3. What are those strange triangles for? As far as I can gather, these help you match up your pieces to the right place before sewing them together. These are supposed to be snipped out from the hem BUT, snip them the other way (see below) and you have a little more margin for error if you find you need to take a seam out at all.
4. Marking Darts. This is an obvious one to you maybe, but it was all new to me. To mark darts, use a double threaded needle (with bright colour cotton), sew once through the small circle on the dart line, and then sew again in the same direction leaving a little loop. Snip this loop and your thread and you should have achieved the effect below. (Mark other symbols with different colour bright thread – I should have done this and it would have saved me hunting though my pattern pieces later).

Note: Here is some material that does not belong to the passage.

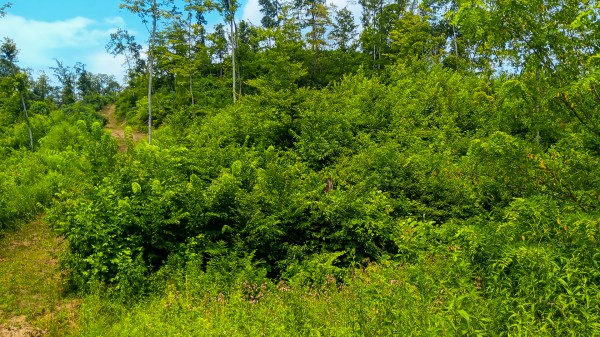 Hunters Haven on Huston Rd property photo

5. Sewing may appear to be a strange mixture of exact science and guesstimating, but whatever you do follow the pattern, I was amazed how accurate it turned out to be. Then, when all else fails, make it up.
6. When your pattern is too small… I made the error of buying the pattern in the wrong size range. Thankfully, because I only needed one size up from the largest size provided, I was able to remedy this. By looking at the pattern pieces I could see the outline for each size, the pattern at points should get larger with each increasing dress size. At these points of the pattern, I followed the edge of the pattern, but imagined where the line would be for the next size up and then cut along this imaginary line, allowing a little extra (for my extra…) This worked surprisingly well!
7. Invisible zips are the devil. Try, try and try again.
The fabric, zip and lace cost £20, the pattern £10, and the petticoat to give it some volume was £10, so altogether this dress cost as much as I might have paid for a shop bought, plus I can re-use the pattern. I loved making my dress as much as I enjoyed wearing it. It was the perfect beginner project. I will definitely be doing this again.